Starting at the line that contains "Paseo en calesa por Edfu 2", copy every line through the end of the records below exactly as written, leaving out pictures.

Items from a data source:
☆ ☆ ☆ ☆ ☆ ☆ ☆

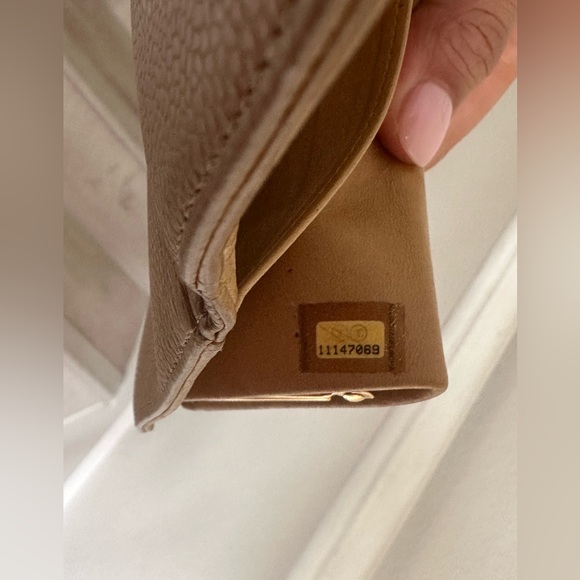 Chanel Caviar Leather Kiss Lock Wallet - Picture 4 of 17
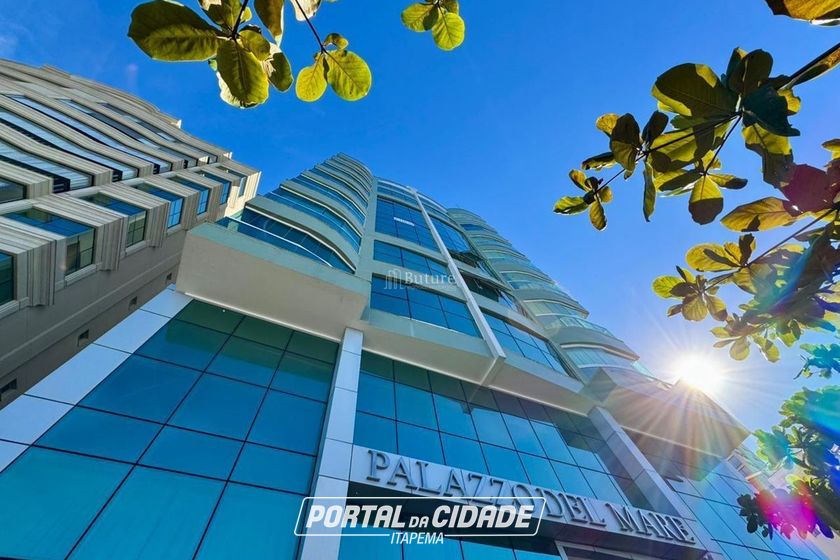 Apartamento &agrave; venda - 240m&sup2; - Meia Praia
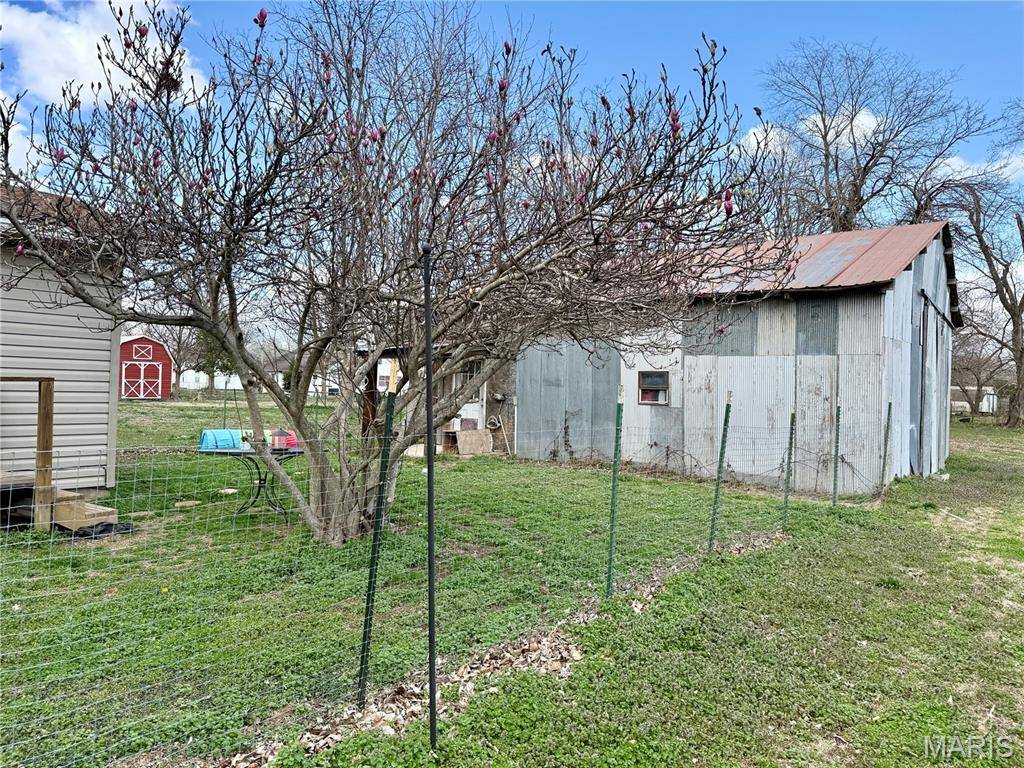 206 S Lyons AVE, Naylor, MO 63953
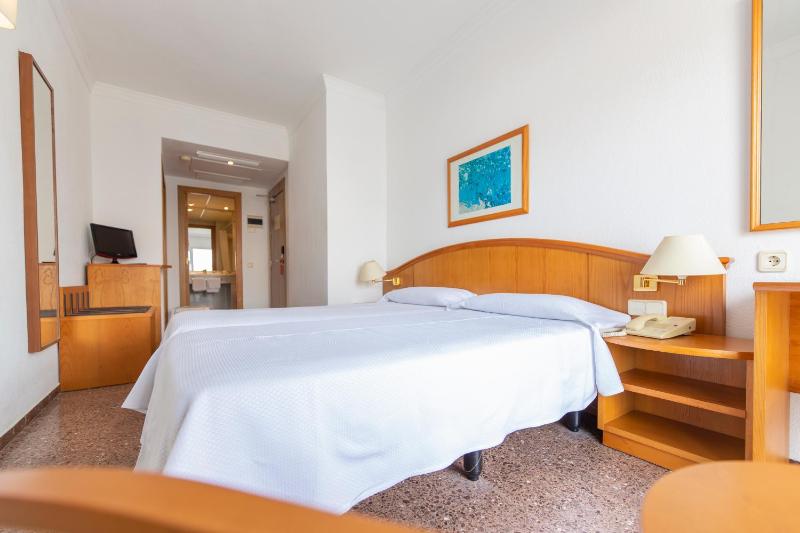 Twin Room image 4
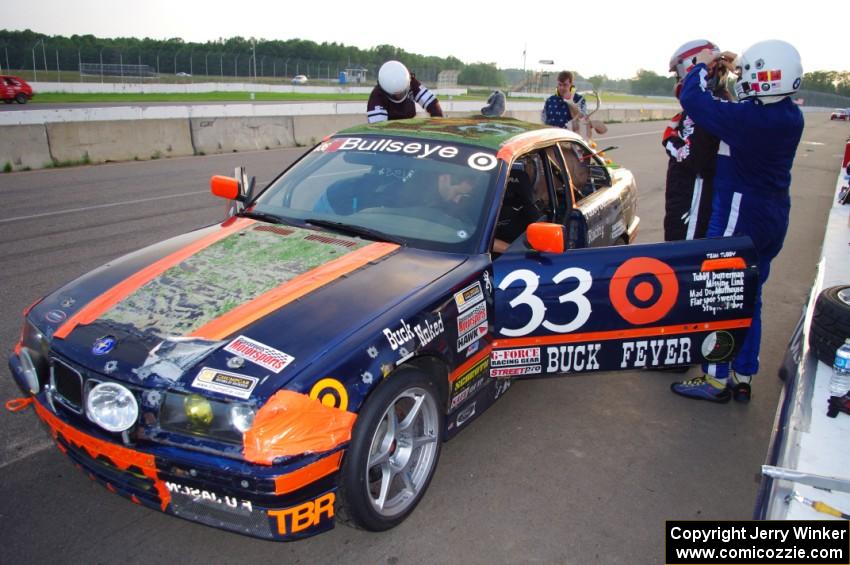 Tubby Butterman BMW 325 in the pits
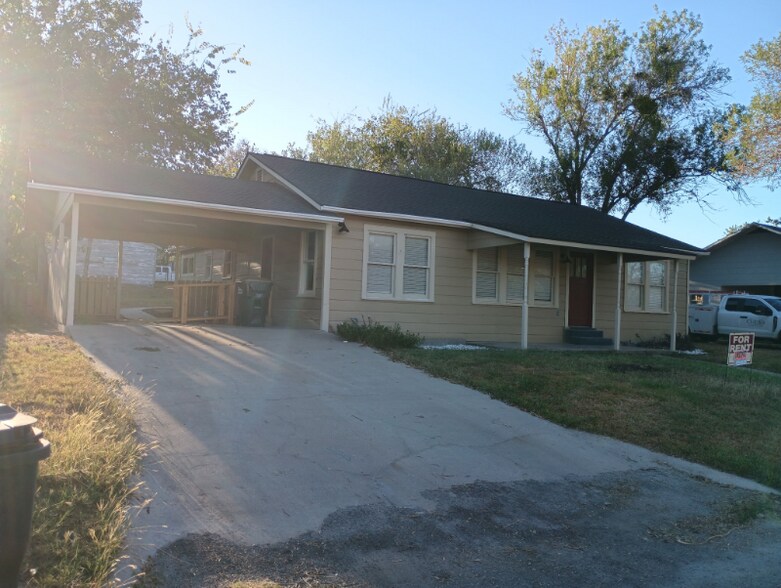 Primary Photo - 205 Lackey St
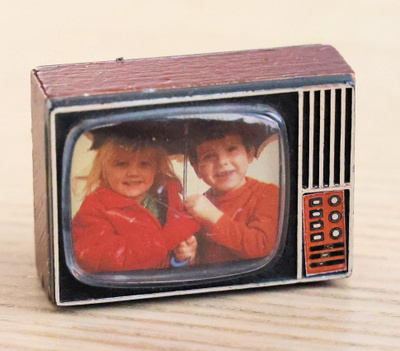Lundby 1970-luku, televisio nukkekotiin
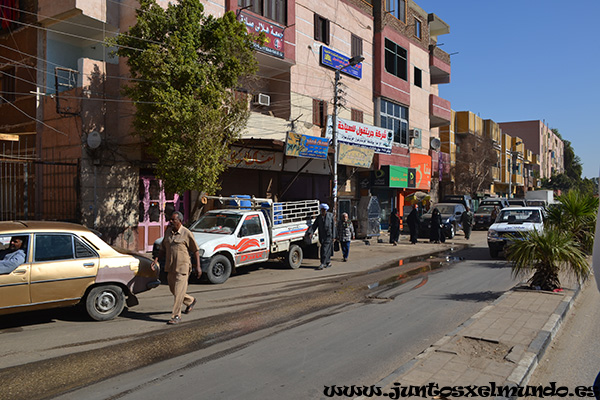 Paseo en calesa por Edfu 2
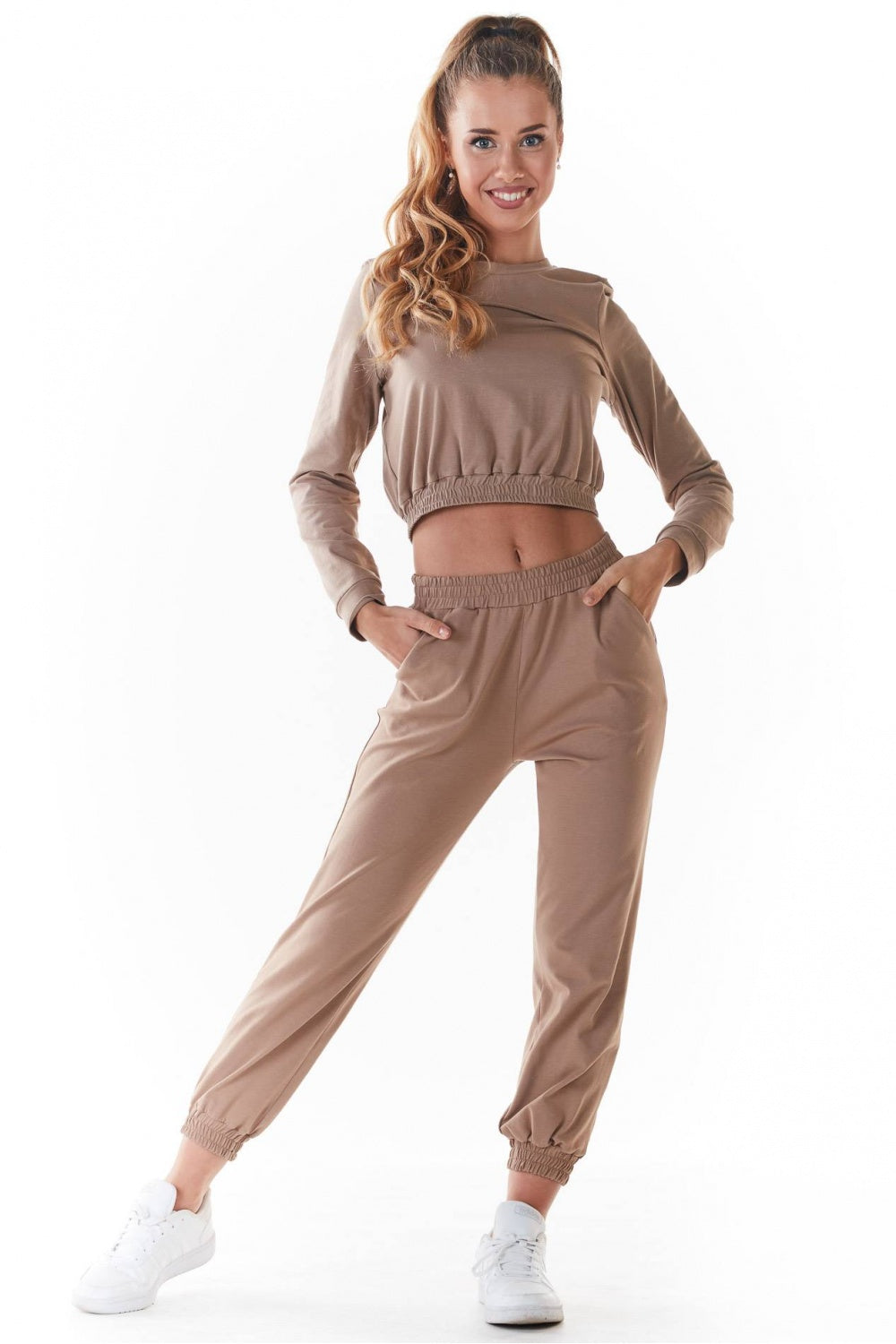 Pantalón chándal modelo 147604 Infinite You - ZYOUNAT Boutique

☆ ☆ ☆ ☆ ☆ ☆ ☆

• [Response for this exercise]:
 Paseo en calesa por Edfu 2
 Pantalón chándal modelo 147604 Infinite You - ZYOUNAT Boutique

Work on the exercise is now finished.